WHAT IS BEING ASKED: Everything from the line holding "Vince Camuto Womens" to the last line of the material below must be retyped exactly, minus any pictures.

PROVIDED MATERIAL:

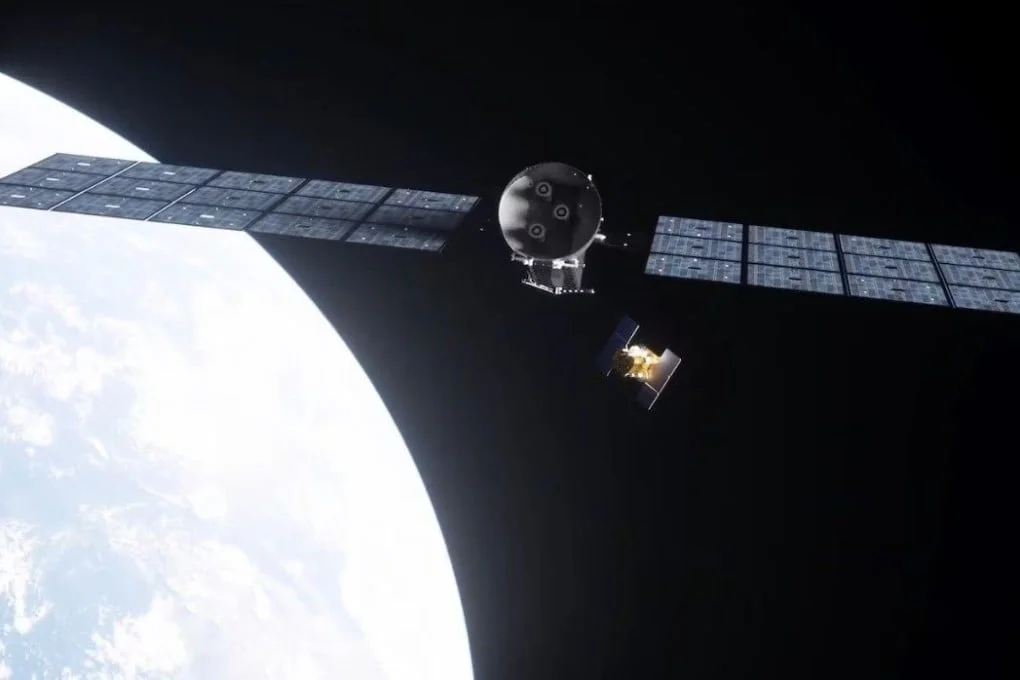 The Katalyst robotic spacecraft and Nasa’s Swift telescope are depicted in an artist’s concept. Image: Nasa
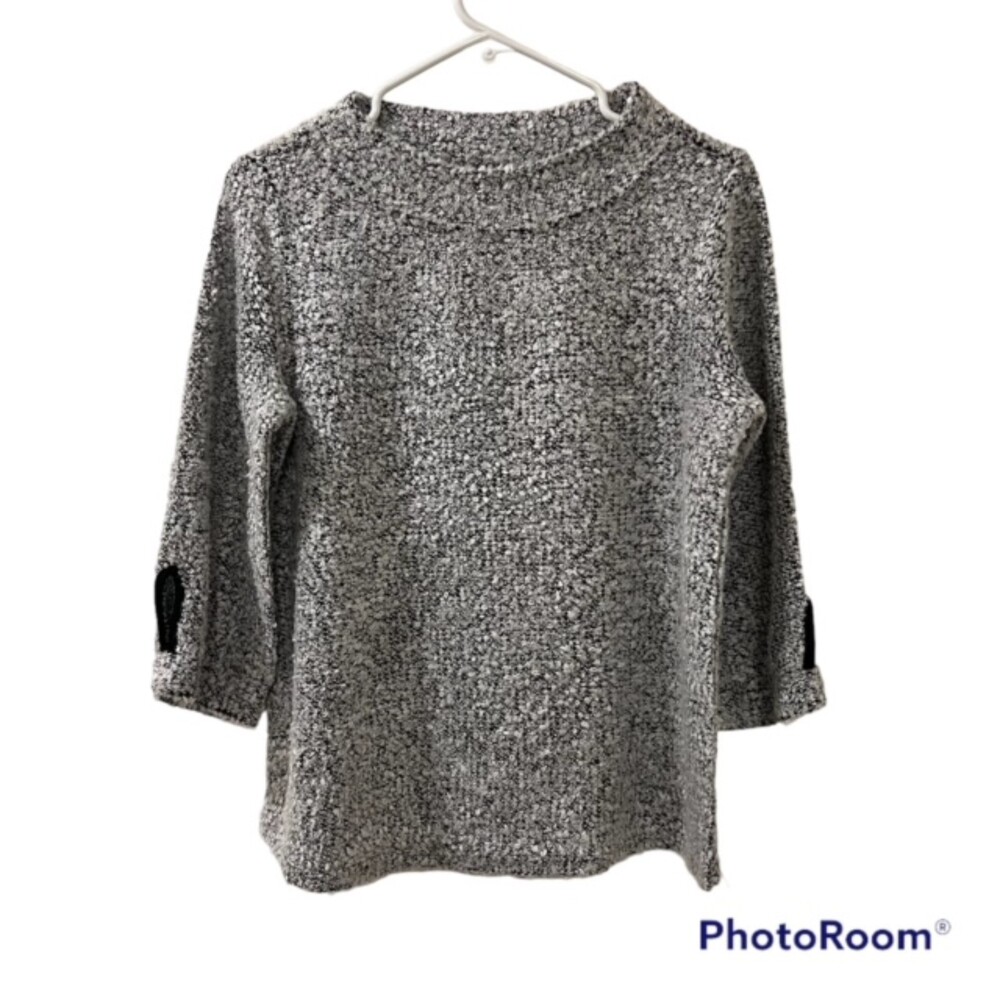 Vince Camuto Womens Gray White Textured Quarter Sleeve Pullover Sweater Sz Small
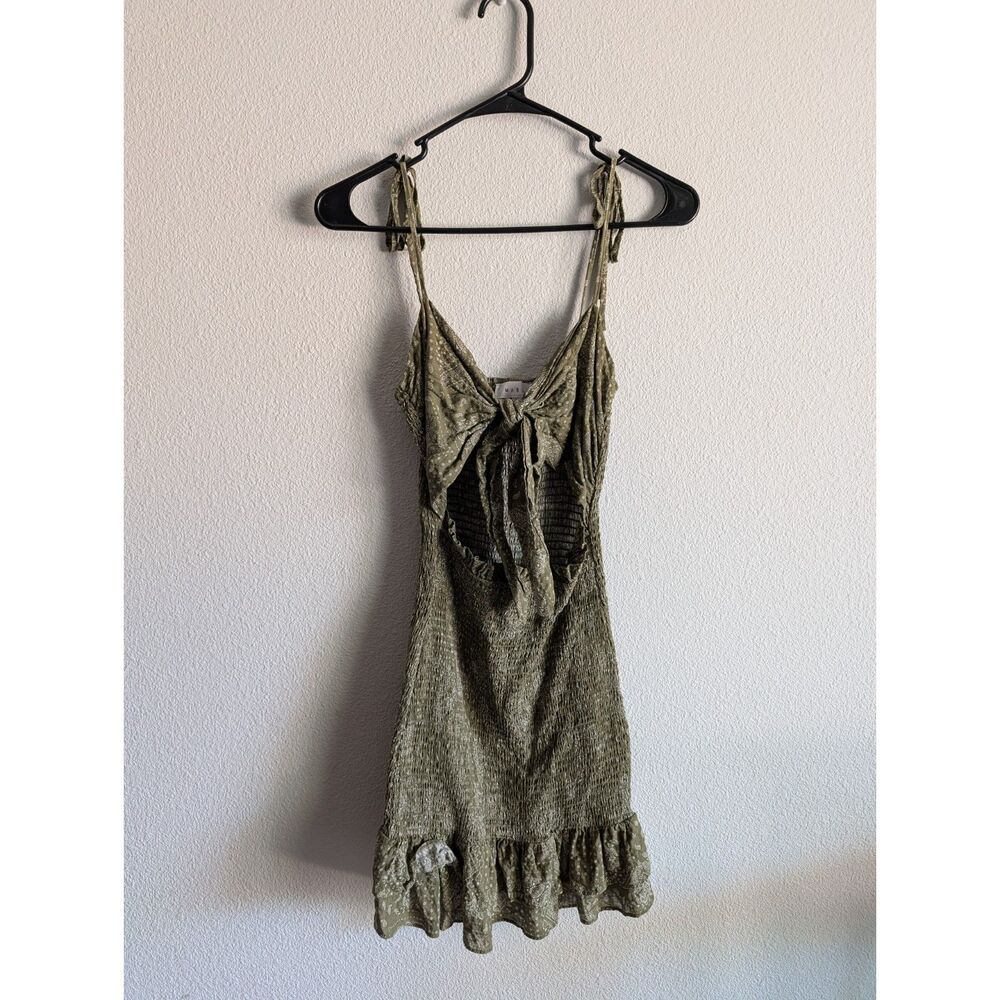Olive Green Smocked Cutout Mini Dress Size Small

RESPONSE BELOW:
 Vince Camuto Womens Gray White Textured Quarter Sleeve Pullover Sweater Sz Small
Olive Green Smocked Cutout Mini Dress Size Small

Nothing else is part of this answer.